What you have to do:
Give back only the lines in the records below from the one with "thank you, thanks" to the one with "Bedlam Boo Luxe Velvet Orange Filled Cushion", both inclusive, word for word.

··· Data for analysis

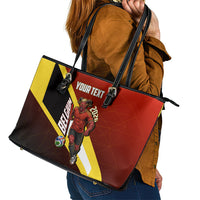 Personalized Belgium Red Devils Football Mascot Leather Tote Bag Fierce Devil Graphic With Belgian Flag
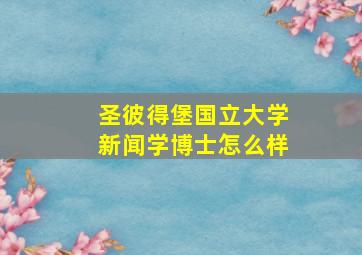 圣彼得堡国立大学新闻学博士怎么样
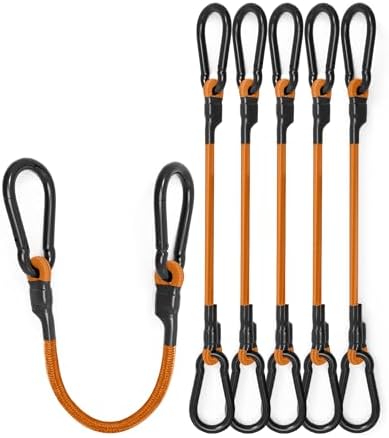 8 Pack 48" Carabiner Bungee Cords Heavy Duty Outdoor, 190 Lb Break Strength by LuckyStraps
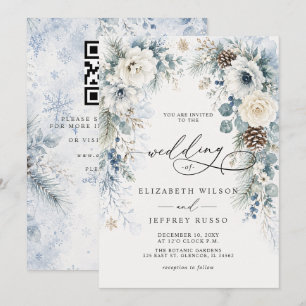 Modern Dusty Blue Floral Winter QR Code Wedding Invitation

······
··· Data for analysis

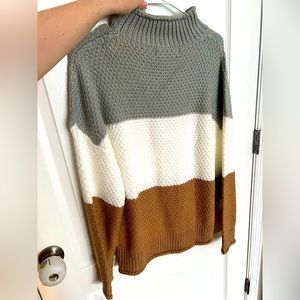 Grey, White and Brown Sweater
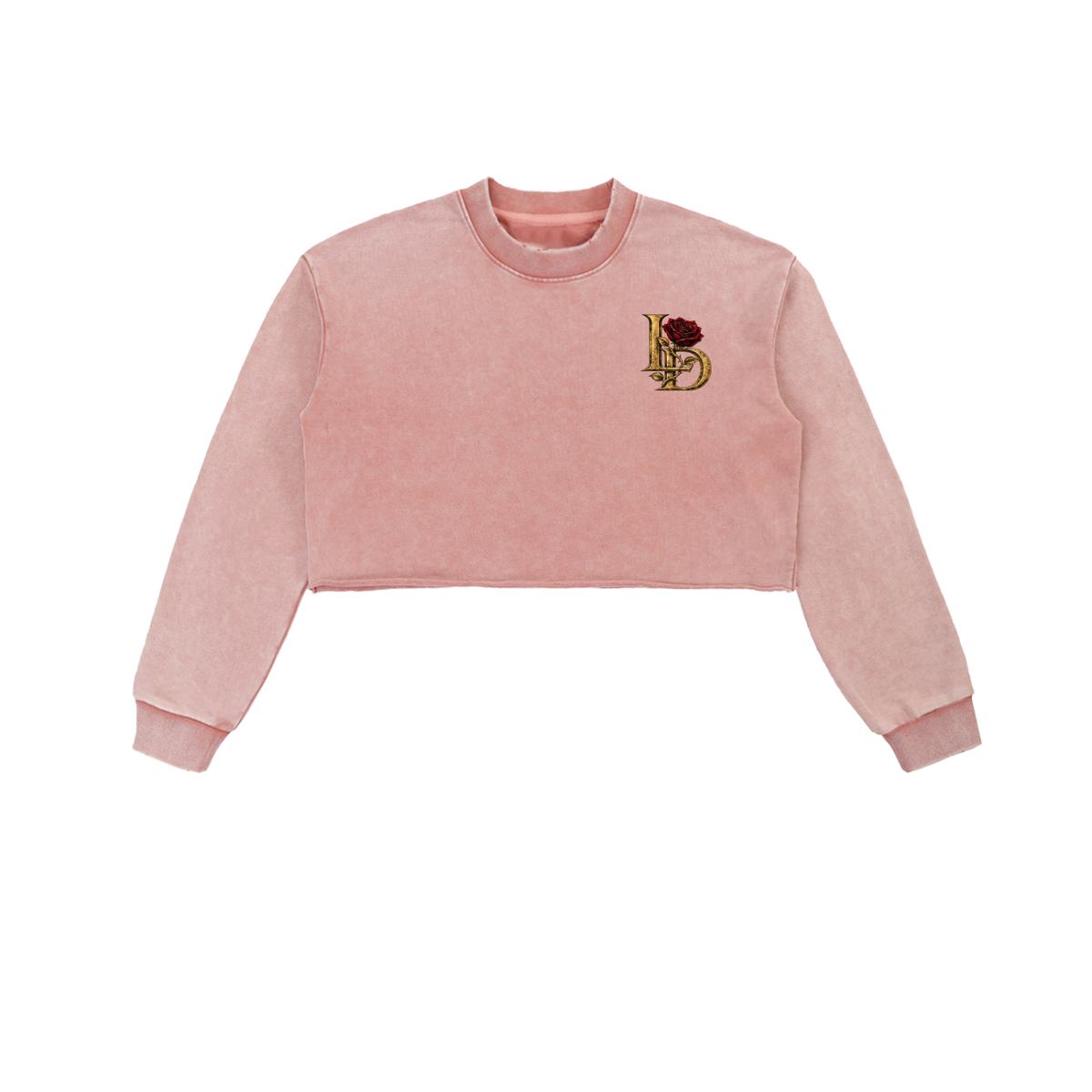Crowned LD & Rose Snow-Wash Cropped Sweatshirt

······
··· Data for analysis

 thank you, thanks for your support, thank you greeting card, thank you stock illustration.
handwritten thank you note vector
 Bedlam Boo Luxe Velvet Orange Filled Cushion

······

Solution to this exercise:
 thank you, thanks for your support, thank you greeting card, thank you stock illustration.
handwritten thank you note vector
 Bedlam Boo Luxe Velvet Orange Filled Cushion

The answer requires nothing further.